Mohamed Karim sentenced to life in death of financier
Will spend 18 years in prison without parole for 2006 death
A Calgary man was sentenced to life in prison with no chance of parole for 18 years for killing the head of a mortgage-lending company. Mohamed Karim was sentenced Thursday morning in a Calgary courtroom.
Jack Beauchamp, 49, was shot six times and found dead in his downtown office in January 2006.
"I completely understand her decision," said Karim's lawyer, Andriano Iovinelli, of Justice Beth Hughes.
Iovinelli had asked the judge for 15 years without parole, but the judge sided with the Crown's submission of 18 years, citing concerns about the safety of the community.
Karim had written letters of apology to the Beauchamp's family, and attempted to apologize on the record Thursday, but was not given permission.
In 2007, Karim and his co-accused, Robert Deer, were initially convicted of first-degree murder in the death of Beauchamp, the head of Morbank Financial. The pair appealed and a new trial was granted.
In September 2013, a judge found Karim guilty of second-degree murder and Deer guilty of manslaughter.
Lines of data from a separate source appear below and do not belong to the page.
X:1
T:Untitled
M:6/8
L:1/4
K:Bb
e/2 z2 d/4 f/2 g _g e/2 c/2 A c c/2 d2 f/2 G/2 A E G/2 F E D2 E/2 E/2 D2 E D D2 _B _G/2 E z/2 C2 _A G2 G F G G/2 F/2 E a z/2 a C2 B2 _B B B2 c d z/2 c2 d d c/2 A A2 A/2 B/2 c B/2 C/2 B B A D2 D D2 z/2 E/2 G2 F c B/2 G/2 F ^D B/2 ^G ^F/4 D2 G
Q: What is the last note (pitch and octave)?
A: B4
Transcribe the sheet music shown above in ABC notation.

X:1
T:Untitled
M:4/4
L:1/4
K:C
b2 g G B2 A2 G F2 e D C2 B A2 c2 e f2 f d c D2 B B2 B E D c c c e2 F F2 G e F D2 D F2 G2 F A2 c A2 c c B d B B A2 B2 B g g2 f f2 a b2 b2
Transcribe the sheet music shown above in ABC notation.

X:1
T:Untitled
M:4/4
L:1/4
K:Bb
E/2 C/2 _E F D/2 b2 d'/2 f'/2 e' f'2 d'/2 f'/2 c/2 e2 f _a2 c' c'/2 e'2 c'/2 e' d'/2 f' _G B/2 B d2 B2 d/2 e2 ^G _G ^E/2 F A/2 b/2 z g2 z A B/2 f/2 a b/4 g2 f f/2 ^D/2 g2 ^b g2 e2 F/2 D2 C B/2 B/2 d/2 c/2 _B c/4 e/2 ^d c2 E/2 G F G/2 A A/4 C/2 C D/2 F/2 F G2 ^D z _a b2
In Karim's first trial, the Crown argued that the shooting resulted from a failed $1.2-million mortgage deal. When Beauchamp pursued his $18,000 fee, Deer hired Karim to kill the financier.
Karim testified in his defence that he planned to frighten the president of Morbank Financial, but panicked when Beauchamp rushed at him.
The jury heard of threatening emails and phone calls Deer made to Beauchamp, as well as a deposit of $1,000 into Karim's bank account two days after the shooting.
Earlier this month, Karim made allegations that he was abused verbally, physically and sexually by remand guards. He claimed the alleged abuses were racially and religiously motivated.
Iovinelli said Karim will likely spend the start of his prison term in Edmonton's maximum-security facility, but will likely be transferred to a prison closer to his family in Montreal.